Summary
Add two interrelated scheduling fairness mechanisms:
- Priority aging — gradually escalate a task's effective priority the longer it waits, preventing starvation of low-priority work
- Weighted fair scheduling — distribute scheduler capacity proportionally across groups based on configurable weights, preventing one group from monopolizing the scheduler
These are two facets of the same problem: ensuring all submitted work eventually gets a fair share of execution capacity, regardless of priority level or group membership.
Motivation
In a long-running sync engine (mantle watch), the scheduler runs continuously with mixed workloads:
| Source |
Priority |
Volume |
Group |
| User-triggered sync |
HIGH |
50 files |
s3://prod |
| Background watch (profile A) |
LOW |
50,000 files |
s3://prod |
| Background watch (profile B) |
LOW |
200 files |
s3://b2-backup |
| Maintenance tasks |
LOW |
5 tasks |
(various) |
Problem 1: Priority starvation
If HIGH-priority tasks keep arriving (user triggers multiple syncs), LOW-priority background tasks never run. In the worst case, a watch-mode sync that detected 50,000 changes sits in the queue indefinitely, its TTL expires, and the entire diff is lost — requiring a full re-scan on the next poll cycle.
Problem 2: Group monopolization
Group concurrency limits are caps ("endpoint X gets at most 6 slots"), but they don't guarantee minimum throughput. Without fair scheduling:
Scheduler capacity: 16 concurrent tasks
Profile A submits: 50,000 tasks to group "s3://prod"

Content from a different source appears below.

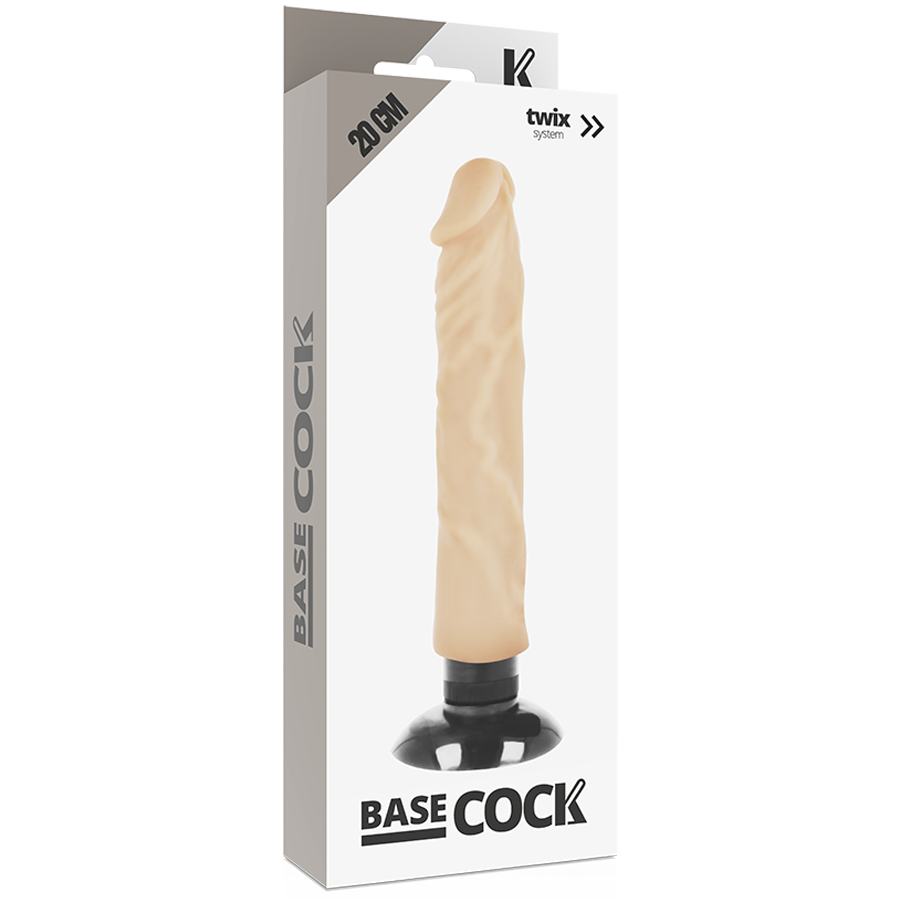 BASECOCK - VIBRADOR REALÍSTICO 2-1 20 CM - Image 4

Profile B submits: 200 tasks to group "s3://b2-backup"
Result: Profile A fills all 16 slots (within its group cap of 16).
Profile B gets nothing until A's queue drains.
With weighted fair scheduling:
Profile A weight: 3 (75% of capacity → 12 slots)
Profile B weight: 1 (25% of capacity → 4 slots)
Result: Both profiles make progress proportionally.
Why these are interrelated
Priority aging and fair scheduling interact in subtle ways. Consider:
- A LOW-priority task in a high-weight group vs. a HIGH-priority task in a low-weight group — which runs first?
- If aging promotes a task to HIGH priority, should it bypass the group's weight allocation?
- If a group's weight allocation is exhausted but the global scheduler has idle capacity, should the excess go to overweight groups or be reserved?
These questions need a unified answer, not two independent mechanisms bolted together.
Proposed Behavior
Priority Aging
let scheduler = Scheduler::builder()
.priority_aging(AgingConfig {
// After this duration in the queue, start aging
grace_period: Duration::from_secs(300), // 5 min
// Promote one priority level per interval
aging_interval: Duration::from_secs(60), // every 60s after grace
// Never age above this ceiling (don't let background tasks
// compete with CRITICAL priority)
max_effective_priority: Priority::HIGH,
})
.build();
Effective priority is computed dynamically at dispatch time:
effective_priority = min(
base_priority + (time_in_queue - grace_period) / aging_interval,
max_effective_priority
)
- The task's stored priority never changes — aging is a dispatch-time calculation
- Aged priority is visible in
SchedulerSnapshot and events as effective_priority alongside base_priority
- When a task is superseded or resubmitted, the aging clock resets
- Recurring task instances start with a fresh aging clock each occurrence
Edge cases:
- Tasks with TTL: aging and TTL interact — a task could age to HIGH priority right before its TTL expires. This is correct behavior (last-ditch attempt to run before expiry)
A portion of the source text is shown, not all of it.